== Task instructions ==
In the records below, find the line containing "French Minimalist Capsule" and print it and every line after it exactly, through the end. Skip pictures.

··· Data for review ···

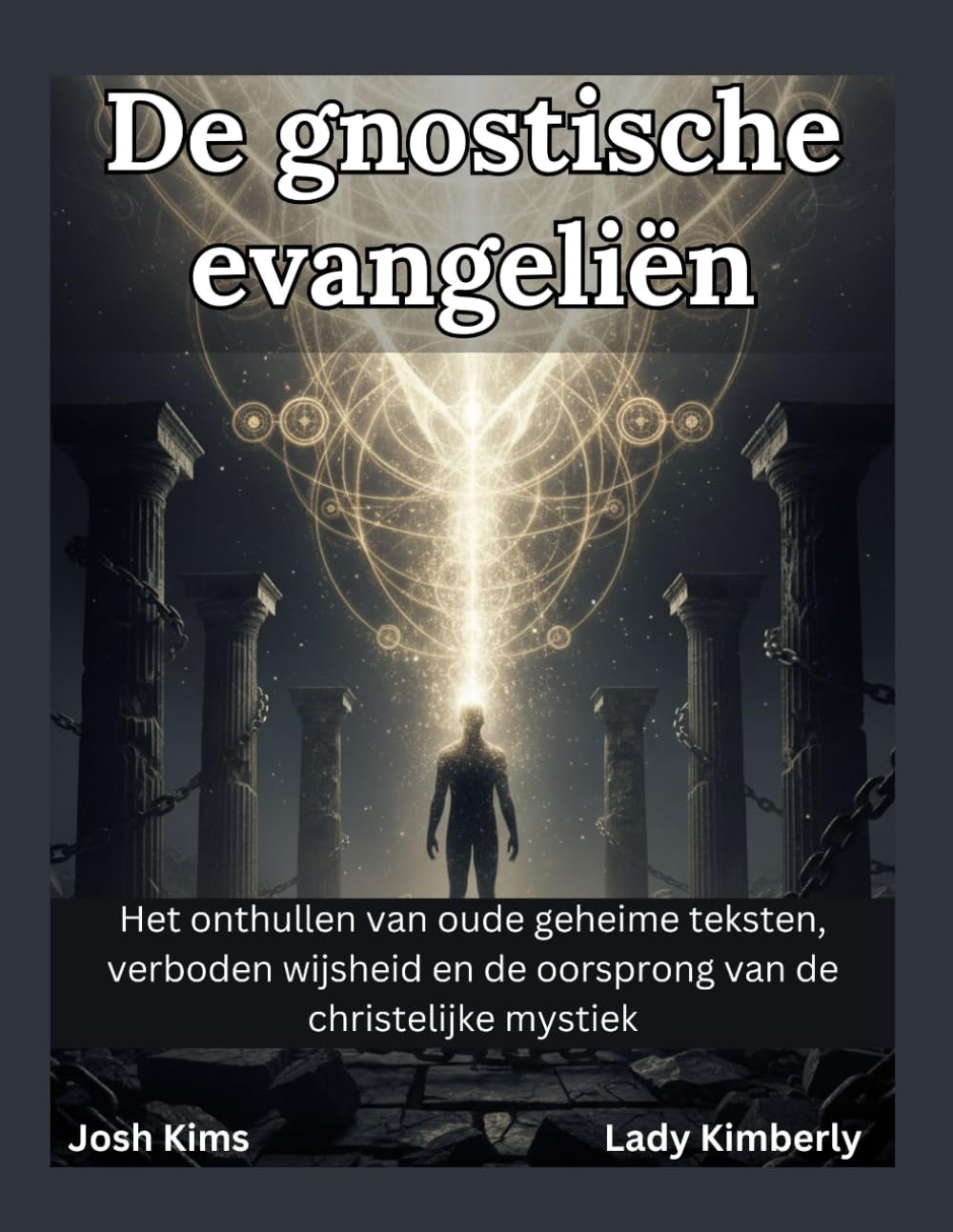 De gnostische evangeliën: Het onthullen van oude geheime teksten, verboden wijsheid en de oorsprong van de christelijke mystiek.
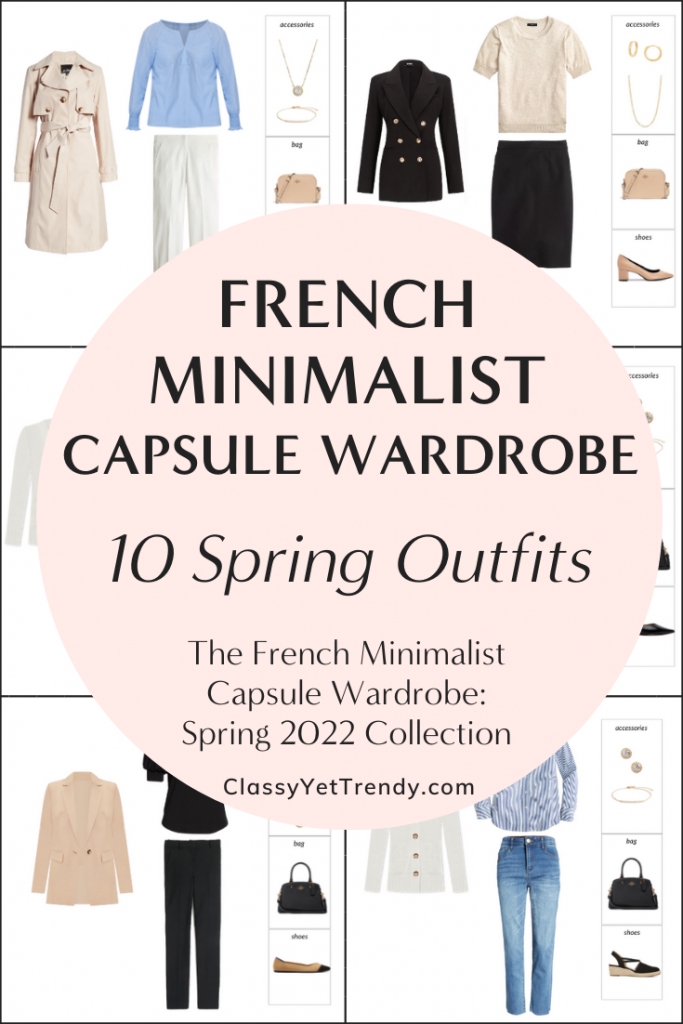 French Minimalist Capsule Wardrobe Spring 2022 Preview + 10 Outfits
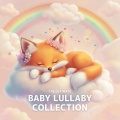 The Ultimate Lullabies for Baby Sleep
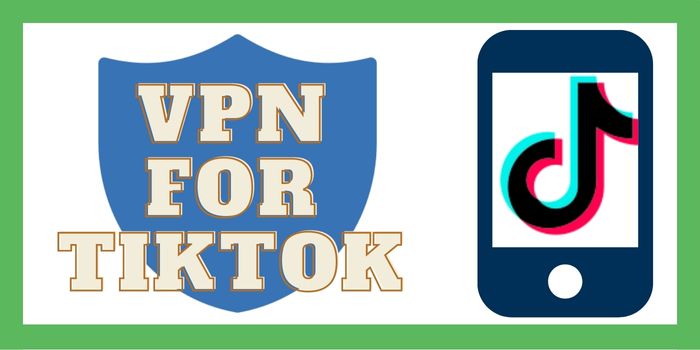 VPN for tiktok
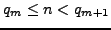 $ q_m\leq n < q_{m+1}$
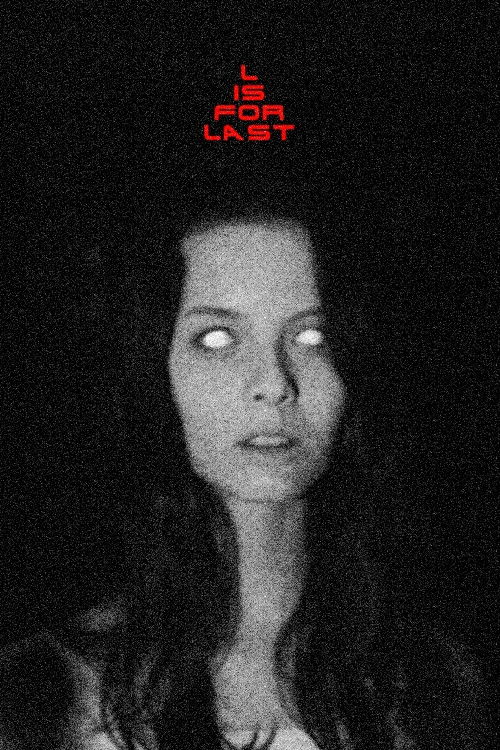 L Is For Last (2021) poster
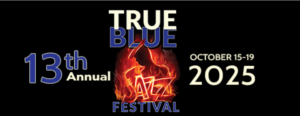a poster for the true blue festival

···

== Answer box ==
 French Minimalist Capsule Wardrobe Spring 2022 Preview + 10 Outfits
 The Ultimate Lullabies for Baby Sleep
 VPN for tiktok
 $ q_m\leq n < q_{m+1}$
 L Is For Last (2021) poster
a poster for the true blue festival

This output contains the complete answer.